At ROASTe we brew A LOT of espresso.
Here are some espresso tips for you to brew better espresso coffee
Espresso Tip 1: Use an espresso blend rather than a single-origin coffee. Single-origin coffees from Panama, Hawaii, Colombia etc. might be all the rage when prepared in automatic drip machines and french presses. But espresso machines put the beans under 8 atmospheres of pressure and are ideally producing a super-concentrated syrupy molasses of a beverage. A blend of beans is perfect for espresso because it can give a more complex taste to go with the syrupy richness of espresso. In my experience single-origin coffees don't always stand up to an espresso machine. Well to be honest after weeks of using espresso blends I like to pull some single-origin espresso just for a change of pace. But it still tastes too thin for many taste buds. Espresso blends contain 2 -- and we've heard of up to 10 -- different beans to balance the flavor. Buy espresso blends for the most well rounded and complex flavors.

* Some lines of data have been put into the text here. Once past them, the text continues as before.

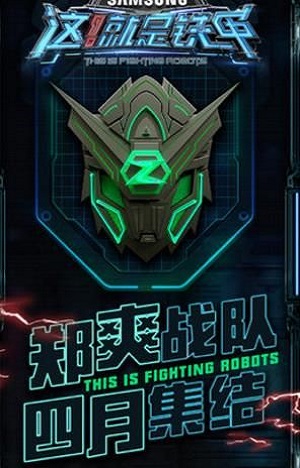 这就是铁甲World of Armored Heroes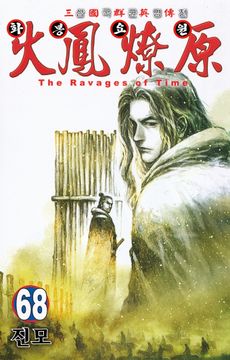 비천무 1 | 김혜린 저자 | 거북이북스 - 교보ebook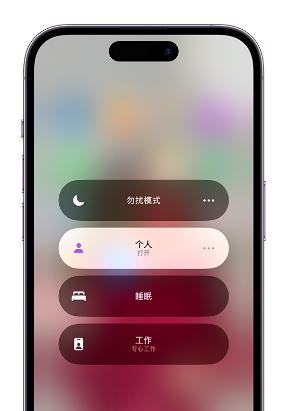 海沧苹果14维修中心分享在iPhone14上定制个人专注模式 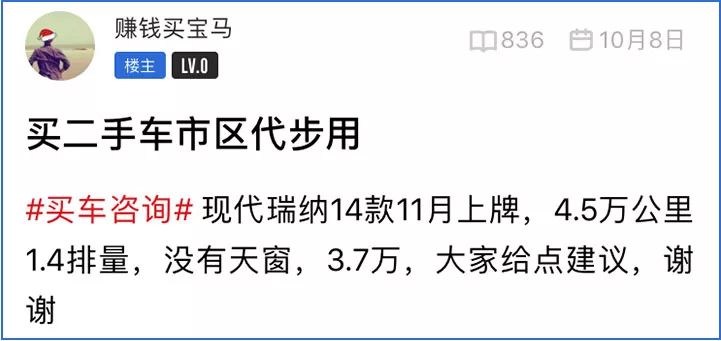 评估二手车收费标准_二手评估车_在线评估二手车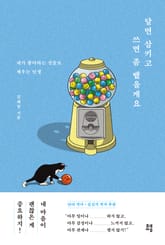달면 삼키고 쓰면 좀 뱉을게요 표지 이미지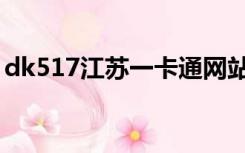 dk517江苏一卡通网站（dk517江苏一卡通）
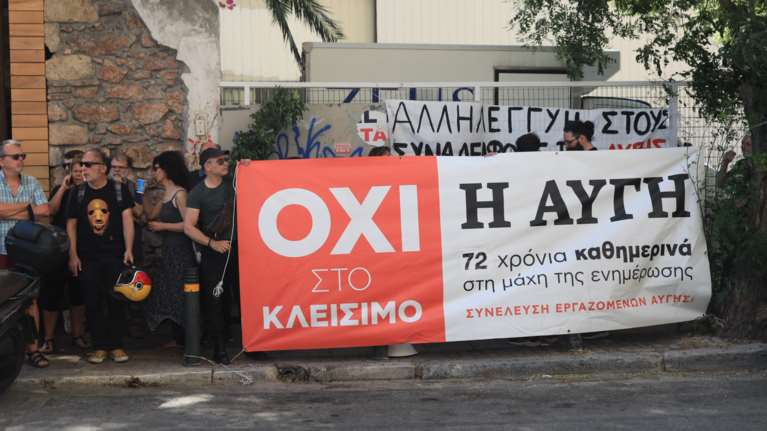 ΣΥΡΙΖΑ: Αυτοί δάνεισαν χρήματα για να πληρωθούν οι εργαζόμενοι σε &quot;Αυγή&quot; και &quot;Κόκκινο&quot; [ονόματα]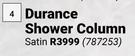 Bijiou Durance Shower Column Satin 787253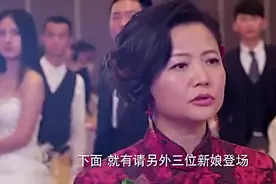 这个婚礼太特别，竟同时走出来三位新娘视频封面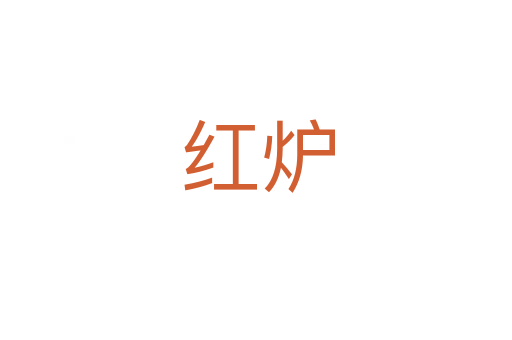 红炉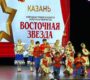 «Русские ложки» покоряют новые вершины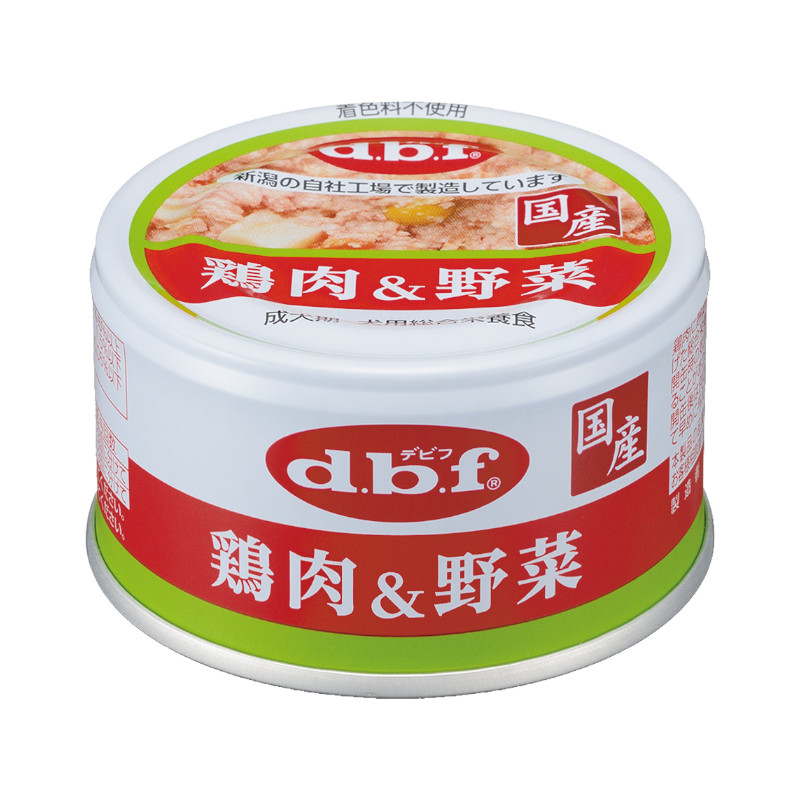 【d.b.f】鶏肉＆野菜(取寄)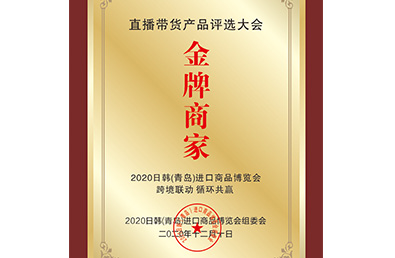 PG电子·(试玩)游戏官网入口 -pgsoft-games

Espresso Tip 2: Crema is a godsend. It is the frothy light-beige foam with tiny bubbles on top of your espresso. It's your best friend. It is a good thing because it contains more oil than the dark extruded espresso in your cup and contains much of the flavor. And have you tried a steak without fat? A chicken breast with all fat removed? Then you'll taste what food is like without fat. The fat molecules that mix into the crema hold a lot of the aromatics and flavor of your coffee. Relish it. And don't fret that it's fat. It's probably less than a gram of fat. You'll consume more fat inhaling while walking past a bakery.

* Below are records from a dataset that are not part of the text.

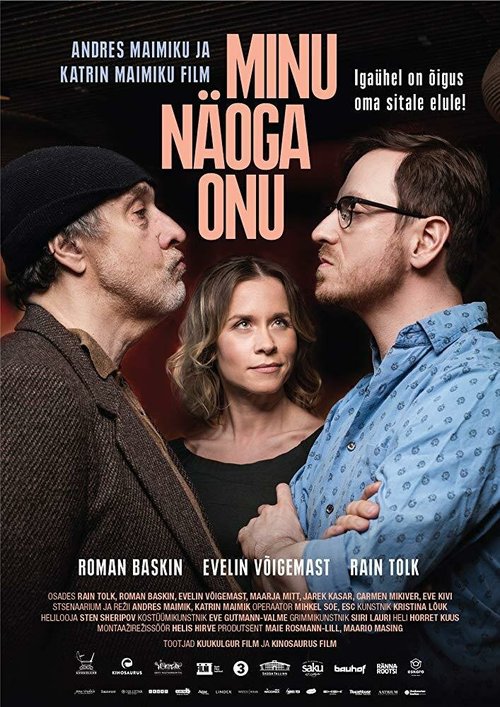 A língua (2017)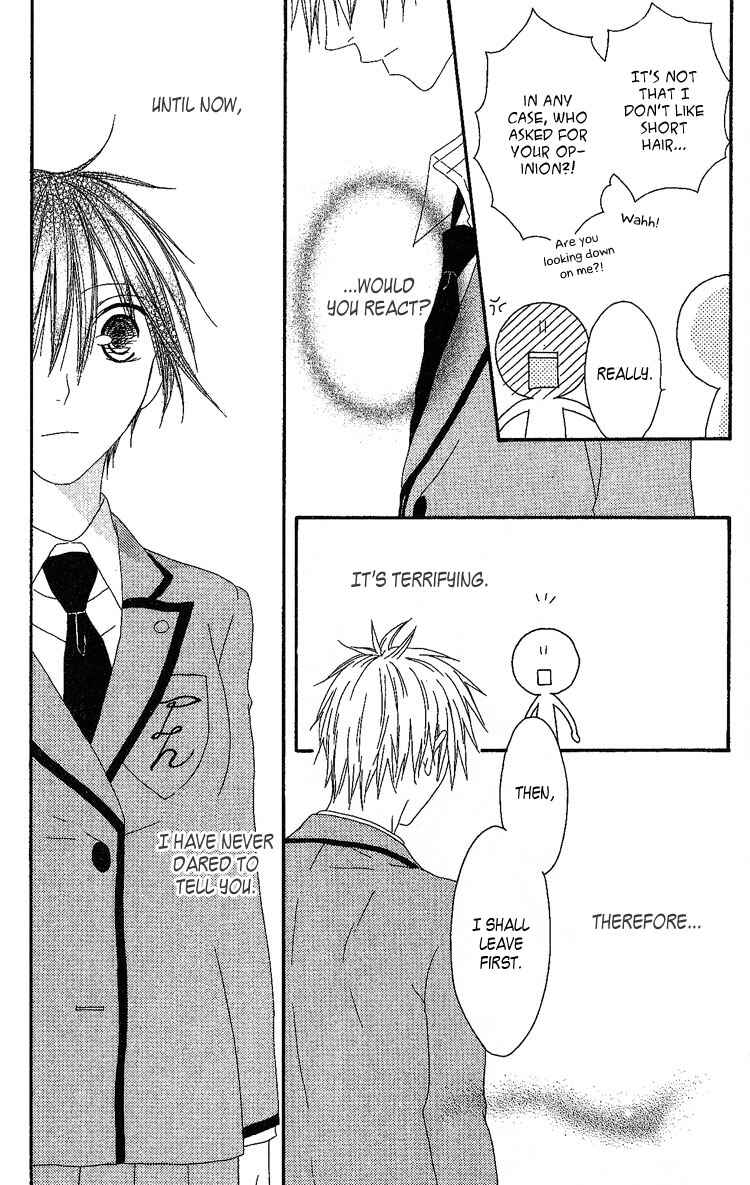Page 31 Chapter 5 Ouji to Majou to Himegimi to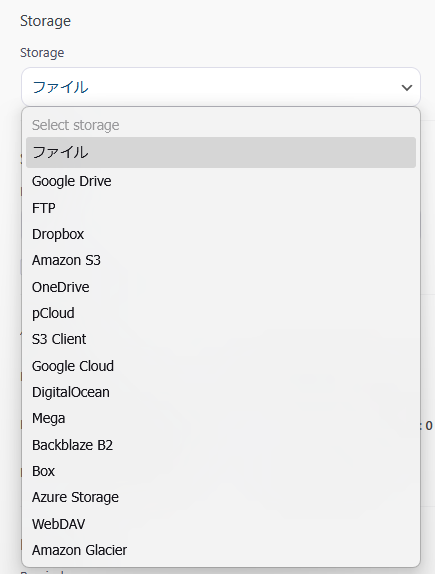 保存先イメージ
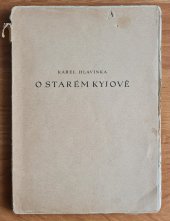 kniha O starém Kyjově, Nákladem Okresní osvětové rady 1947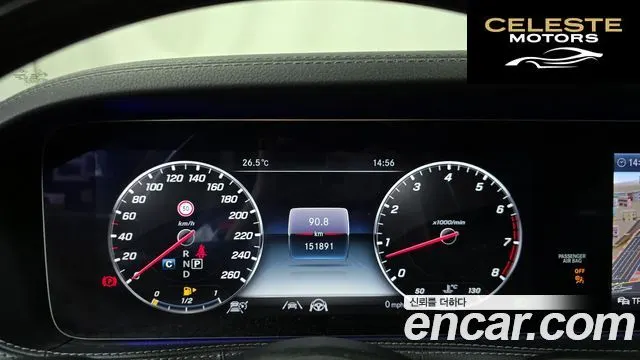 MERCEDES BENZ S-Classe W222 S450L 4MATIC 2020 — photo 8 sur 20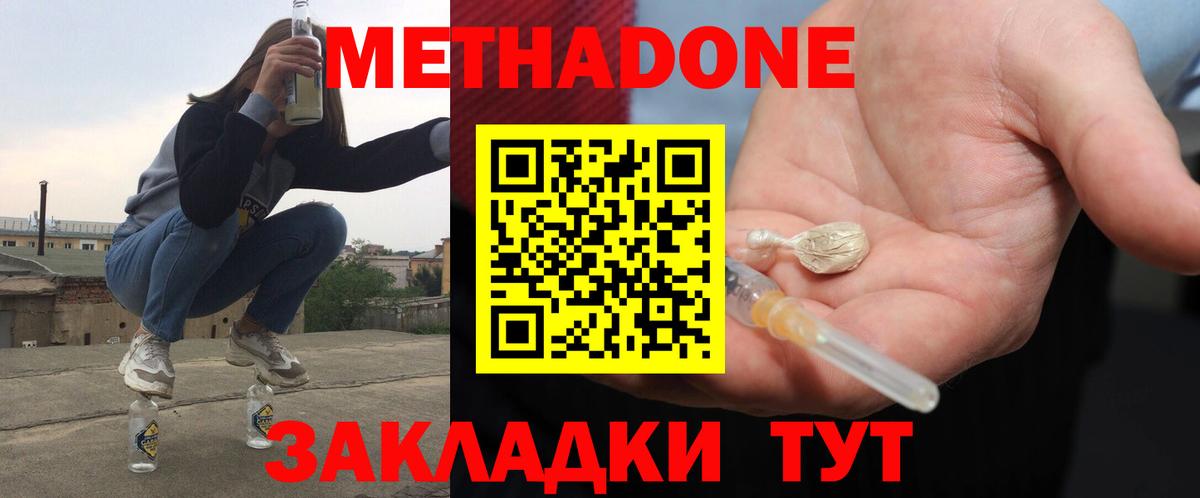 МЕТАДОН мёд Краснокаменск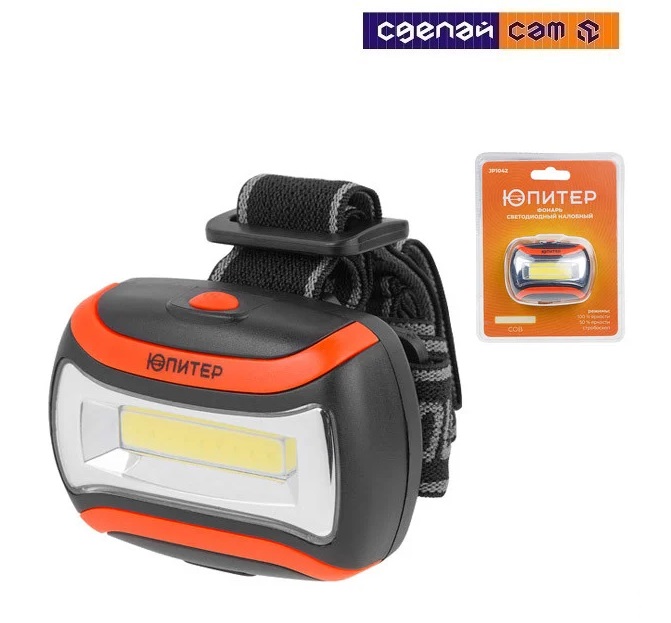 Фонарь налобный светодиодный 3Вт COB 3хAAA ЮПИТЕР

Espresso Tip 3: In espresso, 100% Arabica doesn't matter. Remember how everyone touts their 100% Arabica bean coffee? It doesn't matter in espresso. You may want Robusta beans in your espresso blend because it adds punch, oomph and a strong flavor. Think Robusta beans add ashiness and a burnt flavor to your espresso? Marketing magicians want you to believe that. But it's just not true. Robustas add a nice flavor that rounds out many espressos. Almost every Italian espresso we carry includes Robusta beans and they add strength and oomph to the espressos without embedding any bitterness of ashiness. There are plenty of low-quality Arabica beans that can add ashiness and bitterness, from places like Brazil, India and Vietnam. (But just for the record there are great Arabica beans from those countries too!)
Espresso Tip 4: Espresso is a kind of blend, not a dark roast. Somehow we think that espresso coffee is dark roasted coffee so dark that you see some of the oil on the outside of the bean. Not so. Espresso is a method of preparing the coffee in a pump machine under pressure to give you the syrupy concentrated drink. There are many coffee blends that contain light and medium roasted beans too. Not just dark. Our recommendation: Try lots of blends. One of our roasters mixes into their espresso blend 1/3 light coffee, 1/3 medium and 1/3 dark. Another does half and half or medium and dark. Some are just medium roast. I think that we get this impression that espresso coffee must be dark roasted because Italians like their coffee very dark. Well, Southern Italians do. And many Italian-Americans and Italian restaurants are Southern Italian centric: Tuscany, Sicily, Naples, Bari. Northern Italians on the other hand prefer lighter roasted coffee in their espresso. But America got its first shots of espresso pulled by southern Italians, and the legacy (or should I say misunderstanding) continues to this day.
That's it with the espresso tips - enjoy the coffee!